The British Museum, through PAS and in many other ways, makes a significant contribution to archaeological knowledge, helping to inform academic research, archaeological fieldwork and also heritage protection. The public fascination with important new finds is one way to engage people with broader issues and bring them to a more nuanced understanding.
I am wondering how much "learning" one can do from a department which is unable to understand a simple question. The first part of the answer shows a total lack of awareness what "public perception" means. The second is nonsense. Talking about Treasure, Treasure, Britain's Secret Treasures is 100% NOT helping in any way to inform people about those broader issues (see question and answer 20) and a nuanced understanding only comes from nuanced presentation which most certainly is not what the PAS has been doing up to now. Hence the question to the LVA. The answer dodges it totally, in a way which suggests the 'Department of Learning... and Audiences' has not the foggiest idea of what it was being asked about. In a non-bonkers world it would be them explaining the issue to us, and not us having to put the question into Simple English so they'd cotton on to what the issue being addressed consists of. Duh.
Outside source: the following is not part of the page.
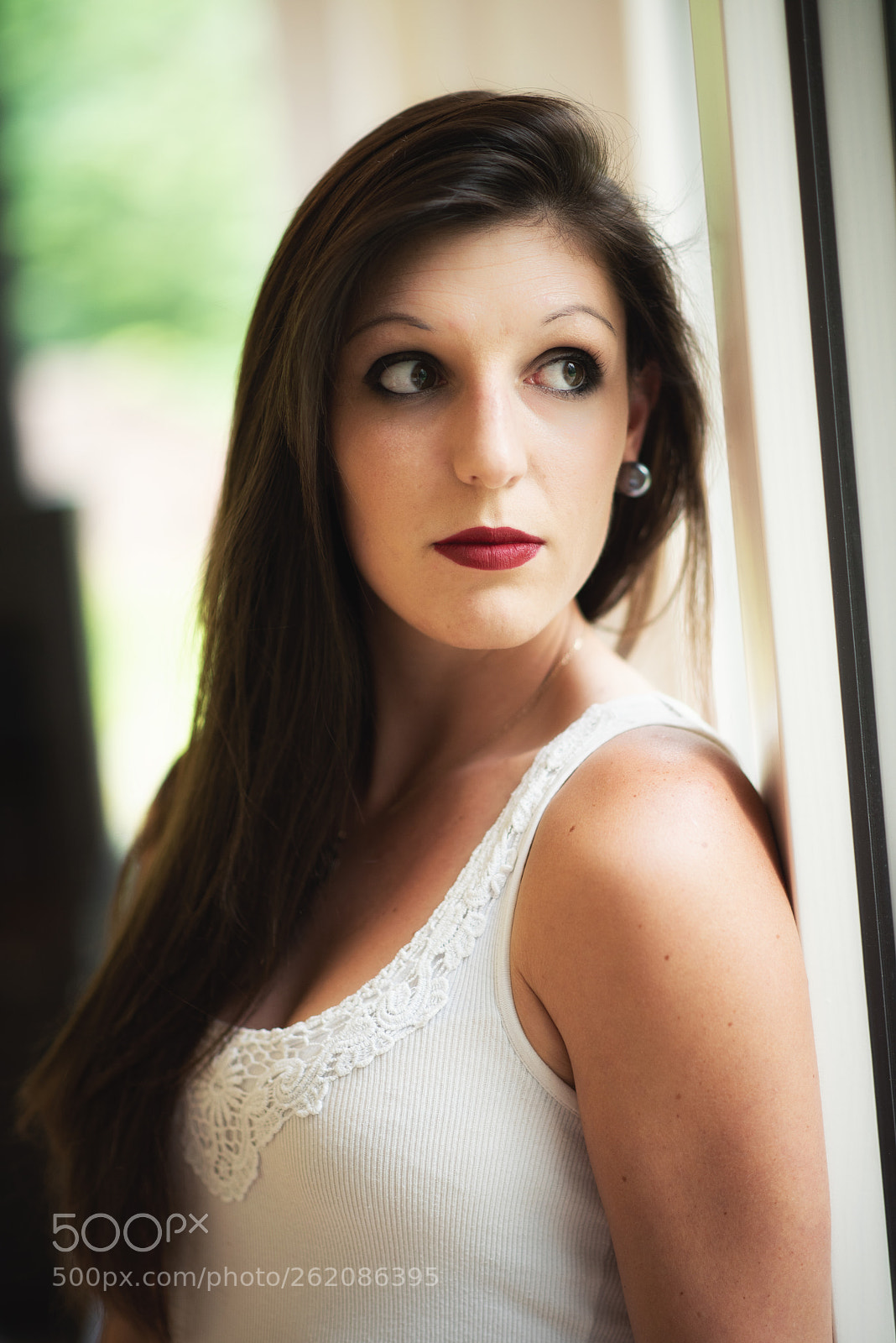 Nikon D810 sample photo. Elodie : portrait photography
The answer to question 20 was a total fiasco. The BM's LVA department obviously has difficulty in looking further down the corridor than the xerox machine. Read the question and their fob-off foggy answer and note they totally ignored the last bit of the question. If the context of artefact hunting in Britain led to archaeological bodies in Britain beginning another Stop Taking Our Past campaign against irresponsible artefact collecting, would the LVA support it?

The reader of these answers gets the feeling that there is a lack of meat. The LVA did not particularly exert itself in getting to grips with the questions themselves. Once again, we see the typical Bloomsbury fob-offs. Everything is OK, there's been no changes, we are on the ball with everything. Yet when there is a need to actually state a policy in more than just vague patronising terms, there is a huge vacuum. So while we are all, I am sure, grateful to Ms Raikes and Mr Lewis for putting pen to paper, we really are still very much in the dark about where the PAs is going. Let us hope that this is not because the people that run it are too.

2 comments:

Anonymous said...

A couple of points of logic concerning their replies if I may ….

First, they say “Recording finds with the PAS is voluntary so we are dependent upon the goodwill of finders and the support of the metal-detecting organisations to that aim.” But that's simply not true, PAS does NOT have the support of NCMD or FID as both have signed the Responsibility Code yet both retain their own codes under which their members don't have to support PAS. Logically, that must mean PAS is NOT supported by the metal detecting organisations doesn't it? Why maintain a fiction and mislead the public?

Secondly your question about whether they'd "support a Stop Taking Our Past campaign against irresponsible artefact collecting" was transparently dodged by the reply “The British Museum believes that responsible metal-detecting provides a useful archaeological tool”. Doesn't that mean, logically, they think irresponsible detecting isn't? Can't we take that as an admission they WOULD support a Stop Taking Our Past campaign against irresponsible artefact collecting? Maybe you should pose the question again?

Paul Barford said...

Well, I have had my twenty questions and answers. There must/ might be other people interested in where the PAS is going (you know, that 'audience') so they can ask if it interests them. I think the PAS is on its way out and we should be thinking more about 'what next' for UK policy on artefact hunting and collecting, the BM's LVA seems from those answers not really to have clue or interest in that issue.